● **WHAT YOU HAVE TO DO**: Make an exact copy of all the entries below, with the pictures left out.
☆ ☆ ☆ ☆
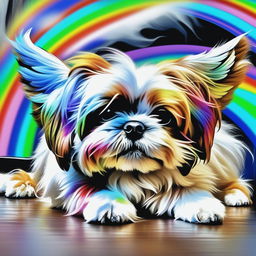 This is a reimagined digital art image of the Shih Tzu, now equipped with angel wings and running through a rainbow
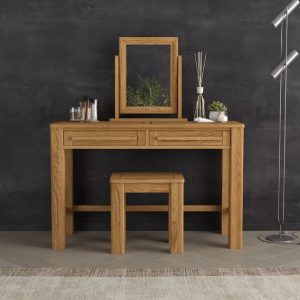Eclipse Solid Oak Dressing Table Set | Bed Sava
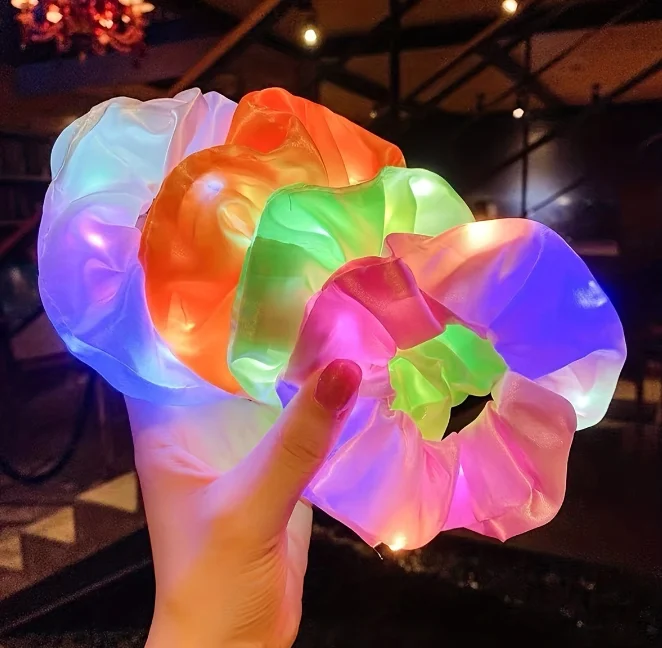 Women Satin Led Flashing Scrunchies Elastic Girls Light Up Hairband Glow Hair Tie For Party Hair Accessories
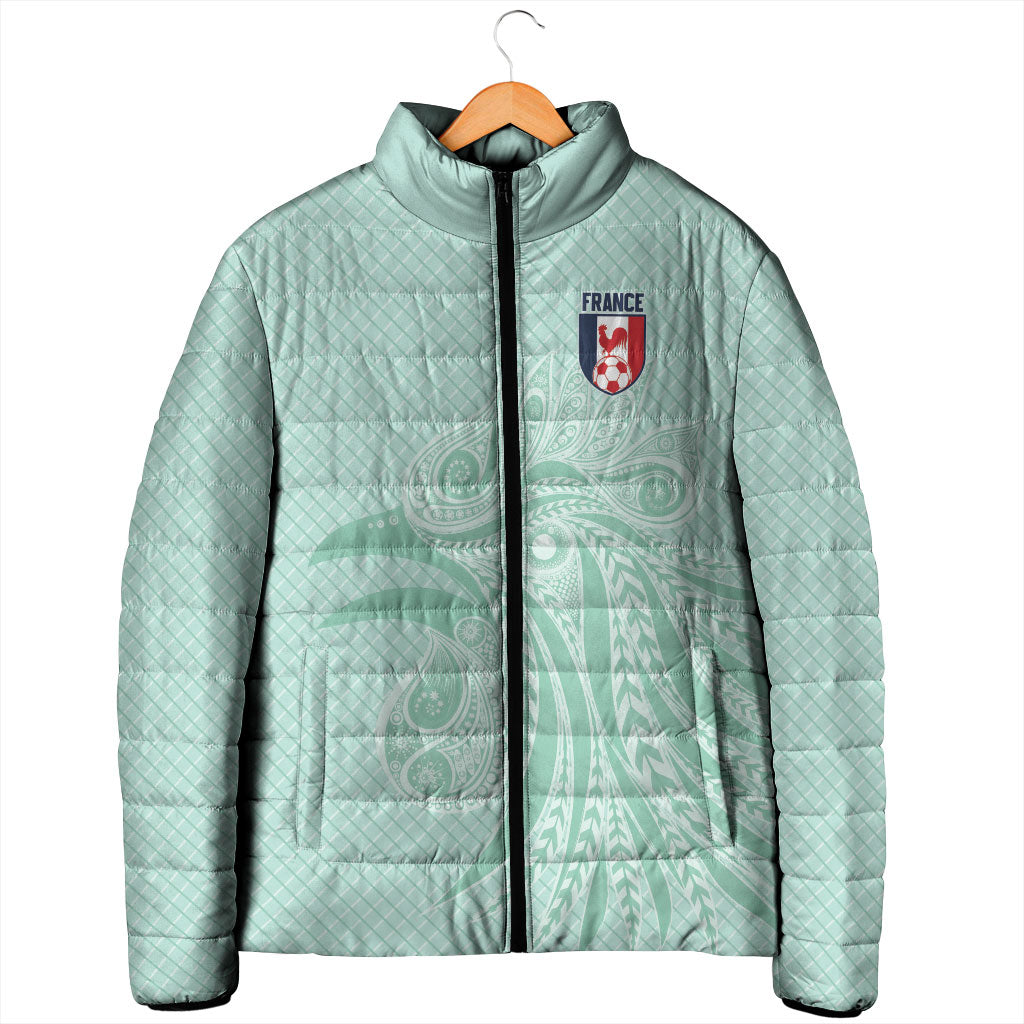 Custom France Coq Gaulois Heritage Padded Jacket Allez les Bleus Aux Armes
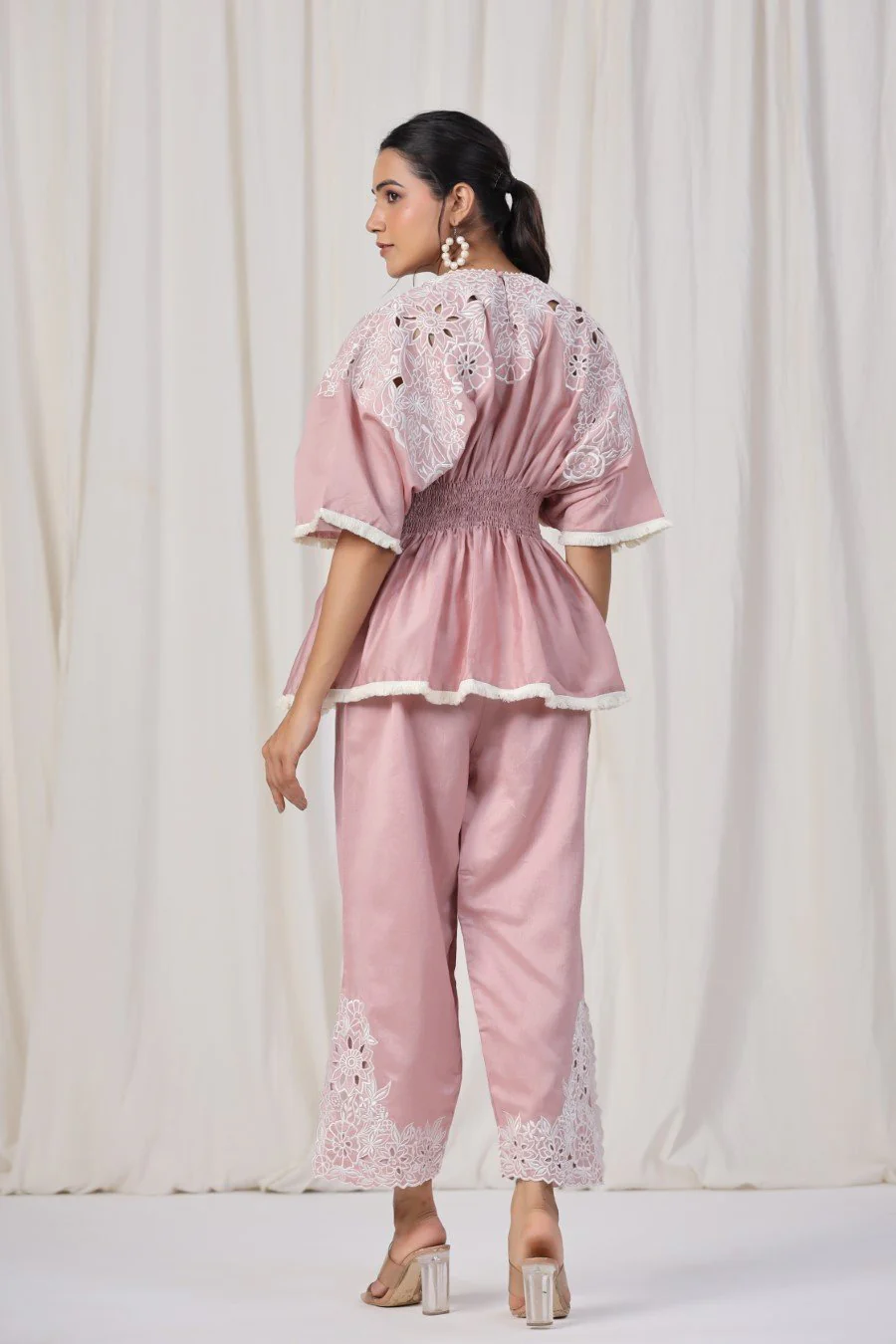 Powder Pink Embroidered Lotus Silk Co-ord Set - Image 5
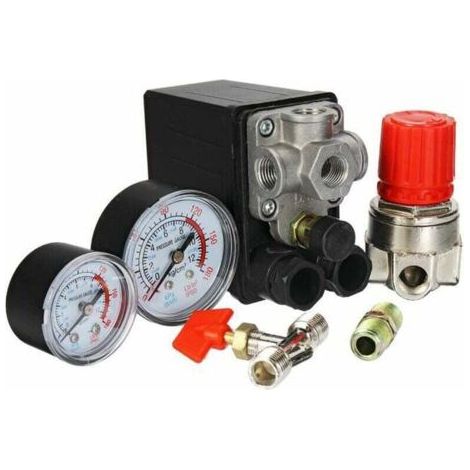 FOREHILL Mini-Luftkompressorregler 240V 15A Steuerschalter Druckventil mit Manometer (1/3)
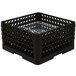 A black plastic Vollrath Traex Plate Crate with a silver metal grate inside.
☆ ☆ ☆ ☆
● **COMPLETED TASK**:
 This is a reimagined digital art image of the Shih Tzu, now equipped with angel wings and running through a rainbow
Eclipse Solid Oak Dressing Table Set | Bed Sava
 Women Satin Led Flashing Scrunchies Elastic Girls Light Up Hairband Glow Hair Tie For Party Hair Accessories
 Custom France Coq Gaulois Heritage Padded Jacket Allez les Bleus Aux Armes
 Powder Pink Embroidered Lotus Silk Co-ord Set - Image 5
 FOREHILL Mini-Luftkompressorregler 240V 15A Steuerschalter Druckventil mit Manometer (1/3)
 A black plastic Vollrath Traex Plate Crate with a silver metal grate inside.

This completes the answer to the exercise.